### Extracted information
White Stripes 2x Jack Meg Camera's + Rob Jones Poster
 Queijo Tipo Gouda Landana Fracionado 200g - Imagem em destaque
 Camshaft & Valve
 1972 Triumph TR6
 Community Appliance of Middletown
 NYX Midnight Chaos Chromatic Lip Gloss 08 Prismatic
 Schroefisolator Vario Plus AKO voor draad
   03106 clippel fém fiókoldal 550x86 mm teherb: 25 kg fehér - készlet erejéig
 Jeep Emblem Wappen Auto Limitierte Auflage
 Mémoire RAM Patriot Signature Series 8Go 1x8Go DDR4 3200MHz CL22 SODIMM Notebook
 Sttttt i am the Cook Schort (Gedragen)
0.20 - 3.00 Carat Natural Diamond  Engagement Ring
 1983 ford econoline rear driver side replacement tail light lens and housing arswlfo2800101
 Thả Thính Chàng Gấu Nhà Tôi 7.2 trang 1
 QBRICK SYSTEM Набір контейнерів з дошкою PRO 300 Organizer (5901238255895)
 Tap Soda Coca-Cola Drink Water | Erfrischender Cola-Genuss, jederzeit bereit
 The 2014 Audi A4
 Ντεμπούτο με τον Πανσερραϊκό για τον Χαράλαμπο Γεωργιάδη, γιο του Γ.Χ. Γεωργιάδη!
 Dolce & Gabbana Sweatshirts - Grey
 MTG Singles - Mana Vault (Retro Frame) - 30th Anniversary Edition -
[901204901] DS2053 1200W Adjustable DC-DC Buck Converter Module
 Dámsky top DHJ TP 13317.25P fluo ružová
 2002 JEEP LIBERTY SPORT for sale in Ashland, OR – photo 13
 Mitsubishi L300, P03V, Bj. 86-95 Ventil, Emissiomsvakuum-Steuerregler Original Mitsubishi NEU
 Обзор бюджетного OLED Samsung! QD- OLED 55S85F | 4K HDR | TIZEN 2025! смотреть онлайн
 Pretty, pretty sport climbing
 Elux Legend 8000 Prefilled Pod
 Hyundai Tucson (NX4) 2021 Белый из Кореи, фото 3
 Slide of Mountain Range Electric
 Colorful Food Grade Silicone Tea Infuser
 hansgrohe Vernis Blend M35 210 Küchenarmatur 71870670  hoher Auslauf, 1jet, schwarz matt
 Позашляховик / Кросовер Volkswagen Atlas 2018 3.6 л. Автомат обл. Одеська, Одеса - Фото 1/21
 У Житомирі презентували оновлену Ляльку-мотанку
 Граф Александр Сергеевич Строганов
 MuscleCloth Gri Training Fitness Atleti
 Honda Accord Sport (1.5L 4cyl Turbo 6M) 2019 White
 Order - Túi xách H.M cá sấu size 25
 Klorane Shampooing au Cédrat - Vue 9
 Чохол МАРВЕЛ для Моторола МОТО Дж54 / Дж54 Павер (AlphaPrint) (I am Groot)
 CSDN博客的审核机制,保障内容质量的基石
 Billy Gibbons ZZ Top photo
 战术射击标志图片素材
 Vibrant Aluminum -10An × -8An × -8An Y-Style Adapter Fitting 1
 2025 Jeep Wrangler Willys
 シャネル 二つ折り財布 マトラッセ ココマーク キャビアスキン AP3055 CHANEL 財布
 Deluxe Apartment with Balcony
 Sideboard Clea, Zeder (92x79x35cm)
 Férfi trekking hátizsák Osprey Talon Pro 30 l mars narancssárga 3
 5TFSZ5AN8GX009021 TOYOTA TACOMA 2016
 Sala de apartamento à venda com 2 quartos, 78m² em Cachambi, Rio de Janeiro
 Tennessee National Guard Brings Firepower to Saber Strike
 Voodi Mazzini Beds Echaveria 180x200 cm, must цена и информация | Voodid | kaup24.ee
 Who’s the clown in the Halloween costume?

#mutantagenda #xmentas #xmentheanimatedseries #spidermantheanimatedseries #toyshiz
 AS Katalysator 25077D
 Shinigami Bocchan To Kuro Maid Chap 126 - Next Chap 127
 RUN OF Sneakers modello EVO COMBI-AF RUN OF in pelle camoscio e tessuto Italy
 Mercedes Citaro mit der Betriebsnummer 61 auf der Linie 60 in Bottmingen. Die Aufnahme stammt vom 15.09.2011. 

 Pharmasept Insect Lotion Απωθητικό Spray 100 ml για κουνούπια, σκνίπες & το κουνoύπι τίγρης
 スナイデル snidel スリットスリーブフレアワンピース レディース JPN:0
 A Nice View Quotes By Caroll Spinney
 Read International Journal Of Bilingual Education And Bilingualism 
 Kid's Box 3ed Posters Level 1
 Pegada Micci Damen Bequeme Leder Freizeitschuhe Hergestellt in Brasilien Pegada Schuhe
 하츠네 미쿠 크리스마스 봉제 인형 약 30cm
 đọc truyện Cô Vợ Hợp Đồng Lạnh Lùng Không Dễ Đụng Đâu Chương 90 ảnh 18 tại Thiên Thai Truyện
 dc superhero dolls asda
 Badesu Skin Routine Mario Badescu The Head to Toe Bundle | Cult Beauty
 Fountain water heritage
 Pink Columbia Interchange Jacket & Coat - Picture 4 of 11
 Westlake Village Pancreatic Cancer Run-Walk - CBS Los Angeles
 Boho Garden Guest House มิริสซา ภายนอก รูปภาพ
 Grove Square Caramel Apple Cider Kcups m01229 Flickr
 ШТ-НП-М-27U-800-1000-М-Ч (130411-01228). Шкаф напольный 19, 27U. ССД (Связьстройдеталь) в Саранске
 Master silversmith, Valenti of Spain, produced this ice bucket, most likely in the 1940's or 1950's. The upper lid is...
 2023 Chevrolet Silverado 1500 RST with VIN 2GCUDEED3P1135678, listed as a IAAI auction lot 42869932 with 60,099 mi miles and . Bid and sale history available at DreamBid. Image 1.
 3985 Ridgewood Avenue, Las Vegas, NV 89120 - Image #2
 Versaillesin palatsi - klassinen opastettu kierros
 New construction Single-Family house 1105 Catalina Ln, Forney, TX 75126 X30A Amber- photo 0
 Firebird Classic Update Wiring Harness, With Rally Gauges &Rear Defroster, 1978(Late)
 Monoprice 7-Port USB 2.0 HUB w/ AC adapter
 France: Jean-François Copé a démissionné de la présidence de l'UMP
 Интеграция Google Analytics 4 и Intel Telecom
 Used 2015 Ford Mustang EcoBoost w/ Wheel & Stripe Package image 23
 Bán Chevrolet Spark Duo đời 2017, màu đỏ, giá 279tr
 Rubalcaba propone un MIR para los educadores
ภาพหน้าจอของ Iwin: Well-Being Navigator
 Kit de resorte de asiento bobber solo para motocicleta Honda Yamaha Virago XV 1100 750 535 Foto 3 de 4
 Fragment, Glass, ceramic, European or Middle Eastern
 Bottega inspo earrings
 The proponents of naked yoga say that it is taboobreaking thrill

### What to do
Compute the number of lines above that contain the string "Honda". Reply with that value only.

### Task output
2